Digest:  A part-time town justice may not remain “of counsel” to the law firm that represents the town planning board.


Rules:   22 NYCRR 100.2(A); 100.2(A); 100.3(A); 100.3(E)(1); 100.6(B)(1)-(4); Opinions 23-67; 21-110; 19-31; 99-162/99-180/00-63.




          A part-time town justice asks if it is ethically permissible to remain “of counsel” to a law firm that represents the town’s planning board.  The inquiring judge is not involved in representing the town planning board and does not receive any revenue from the firm’s representation.  Moreover, legal challenges to the town planning board’s decisions are heard in supreme court rather than the local town court. 


          A judge must always avoid even the appearance of impropriety (see 22 NYCRR 100.2) and must always act to promote public confidence in the judiciary’s integrity and impartiality (see 22 NYCRR 100.2[A]).  A judge must disqualify from any proceeding in which the judge’s impartiality “might reasonably be questioned” (22 NYCRR 100.3[E][1]).  Although a part-time attorney judge may practice law (see 22 NYCRR 100.6[B][1]-[3]) and may accept private employment or public employment that is compatible with judicial office and does not conflict or interfere with proper performance of the judge’s duties (see 22 NYCRR 100.6[B][4]), a judge’s judicial duties nonetheless “take precedence” over all the judge’s other activities (see 22 NYCRR 100.3[A]).

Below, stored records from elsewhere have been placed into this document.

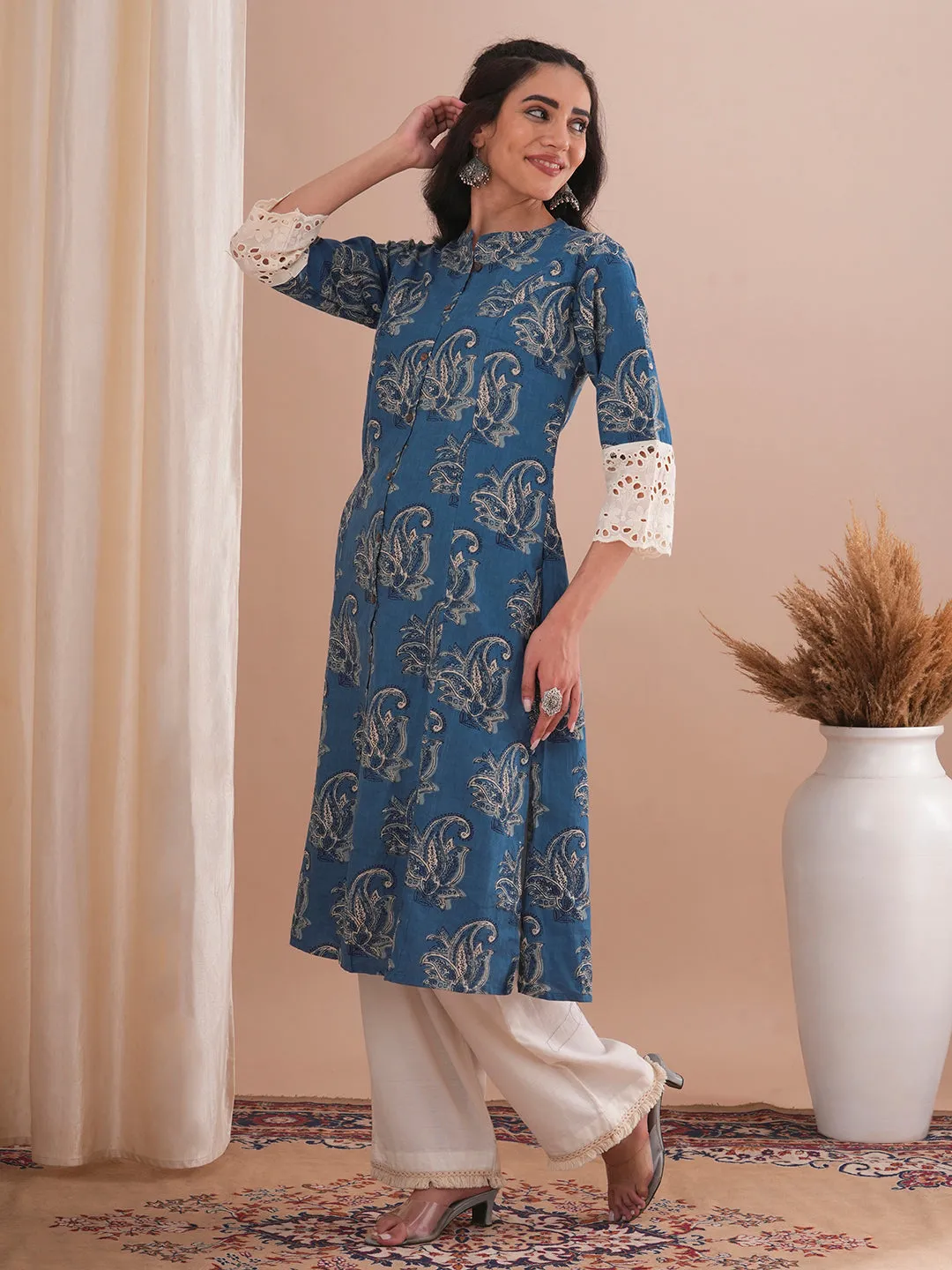 Ethnic Floral Printed A-Line Paneled Schiffli Patched Cotton Flax Kurta - Blue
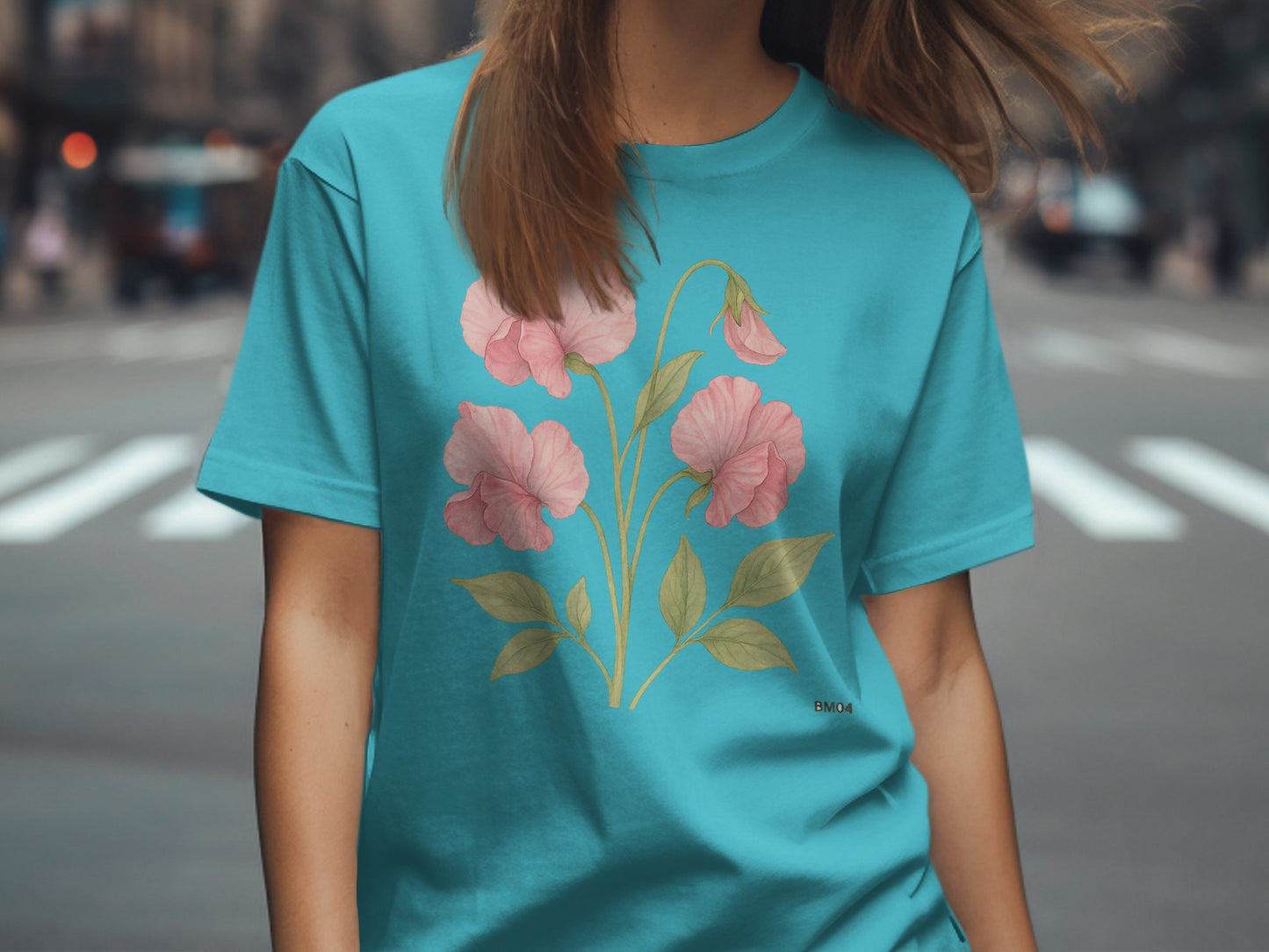 Pink Floral Design on Teal Shirt clothing product
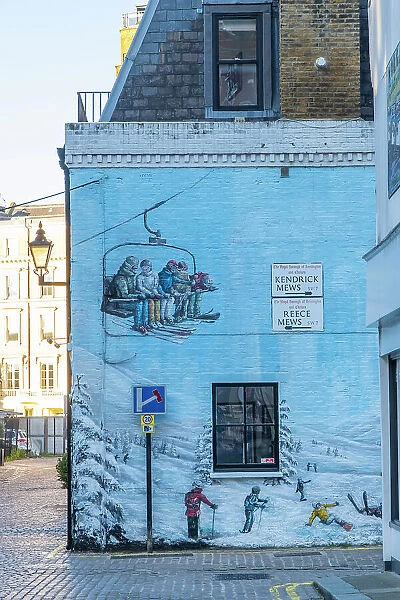 Wall art, Kensington, London, England, UK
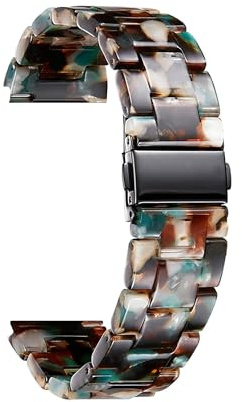 BINLUN Cinturino per Orologio in Resina Donna 12 14 16 18 20 22mm, Cinturini di Ricambio per Uomo Smartwatch 14 Colori, Cinturino in Plastic 22mm, Pittura a olio Verde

          While the present inquiry is a matter of first impression for us, our prior opinions provide significant guidance.  We have previously advised that a town justice may not serve as counsel to the town planning board or as counsel to the town zoning board of appeals in the town where the judge sits (see Opinions 23-67; 99-162/99-180/00-63).  As we explained in Opinion 23-67 (citations omitted):


it would create an appearance of impropriety for a town justice to serve as counsel to the town planning board, notwithstanding the judge’s representations that the planning board does not address zoning matters or zoning/code enforcement and is independent of the town board.  We note, for example, that the planning board’s work may involve matters of local public controversy and/or the issuance of controversial decisions which may result in Article 78 proceedings in Supreme Court naming the planning board as a respondent.


In our view, similar considerations apply even if it is the judge’s law firm colleague(s), rather than the judge personally, who undertake the ongoing representation of the town planning board.  Our conclusion here is bolstered by the consideration that a “bright-line rule is easier to remember and follow” (Opinion 19-31).[1] 


            Thus, assuming the law firm wishes to continue representing the town planning board, the inquiring town justice must choose between the two positions.  That is, the judge must either discontinue their “of counsel” affiliation with the law firm or resign from judicial office.


[1] We have distinguished between serving “as ongoing municipal counsel” and representing the local municipality “on discrete individual matters” (Opinion 21-110).